**AVAILABLE DATA:**
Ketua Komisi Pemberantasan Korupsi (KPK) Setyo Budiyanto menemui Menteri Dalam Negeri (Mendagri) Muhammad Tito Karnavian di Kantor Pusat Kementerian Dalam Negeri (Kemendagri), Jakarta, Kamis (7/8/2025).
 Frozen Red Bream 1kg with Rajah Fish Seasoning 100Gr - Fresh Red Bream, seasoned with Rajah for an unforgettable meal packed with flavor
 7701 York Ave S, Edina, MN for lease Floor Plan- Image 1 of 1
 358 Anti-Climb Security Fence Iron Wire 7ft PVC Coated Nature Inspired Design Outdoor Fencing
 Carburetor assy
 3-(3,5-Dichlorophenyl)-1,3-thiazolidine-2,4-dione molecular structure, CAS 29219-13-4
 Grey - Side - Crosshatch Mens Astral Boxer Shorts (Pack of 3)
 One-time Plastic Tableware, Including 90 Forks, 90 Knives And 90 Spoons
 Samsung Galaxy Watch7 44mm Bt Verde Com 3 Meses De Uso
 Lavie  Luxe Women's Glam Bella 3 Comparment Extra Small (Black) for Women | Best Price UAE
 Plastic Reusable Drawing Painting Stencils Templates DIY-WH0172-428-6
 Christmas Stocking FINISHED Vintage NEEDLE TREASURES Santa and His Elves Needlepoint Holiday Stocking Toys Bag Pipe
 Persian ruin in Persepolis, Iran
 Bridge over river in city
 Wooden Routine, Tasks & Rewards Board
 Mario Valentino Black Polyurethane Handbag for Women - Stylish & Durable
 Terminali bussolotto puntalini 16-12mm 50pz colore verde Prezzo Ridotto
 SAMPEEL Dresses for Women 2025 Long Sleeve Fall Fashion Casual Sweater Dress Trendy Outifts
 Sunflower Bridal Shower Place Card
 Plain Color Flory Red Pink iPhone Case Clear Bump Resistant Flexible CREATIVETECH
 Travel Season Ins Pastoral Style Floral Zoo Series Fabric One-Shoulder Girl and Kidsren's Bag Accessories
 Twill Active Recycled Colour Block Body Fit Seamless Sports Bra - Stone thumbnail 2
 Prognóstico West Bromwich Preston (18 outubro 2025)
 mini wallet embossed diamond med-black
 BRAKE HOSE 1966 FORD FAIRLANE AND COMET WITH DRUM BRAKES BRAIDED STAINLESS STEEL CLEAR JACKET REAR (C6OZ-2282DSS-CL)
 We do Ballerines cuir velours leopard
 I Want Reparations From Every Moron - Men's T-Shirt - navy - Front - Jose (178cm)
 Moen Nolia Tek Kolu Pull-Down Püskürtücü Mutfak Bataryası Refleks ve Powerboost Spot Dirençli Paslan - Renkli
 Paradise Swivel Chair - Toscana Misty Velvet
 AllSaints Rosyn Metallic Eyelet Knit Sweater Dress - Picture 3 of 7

**EXERCISE REQUIREMENTS:**
Search each line of the data above for "Dress", and copy the lines where it occurs.

**WRITTEN REPLY:**
 SAMPEEL Dresses for Women 2025 Long Sleeve Fall Fashion Casual Sweater Dress Trendy Outifts
 AllSaints Rosyn Metallic Eyelet Knit Sweater Dress - Picture 3 of 7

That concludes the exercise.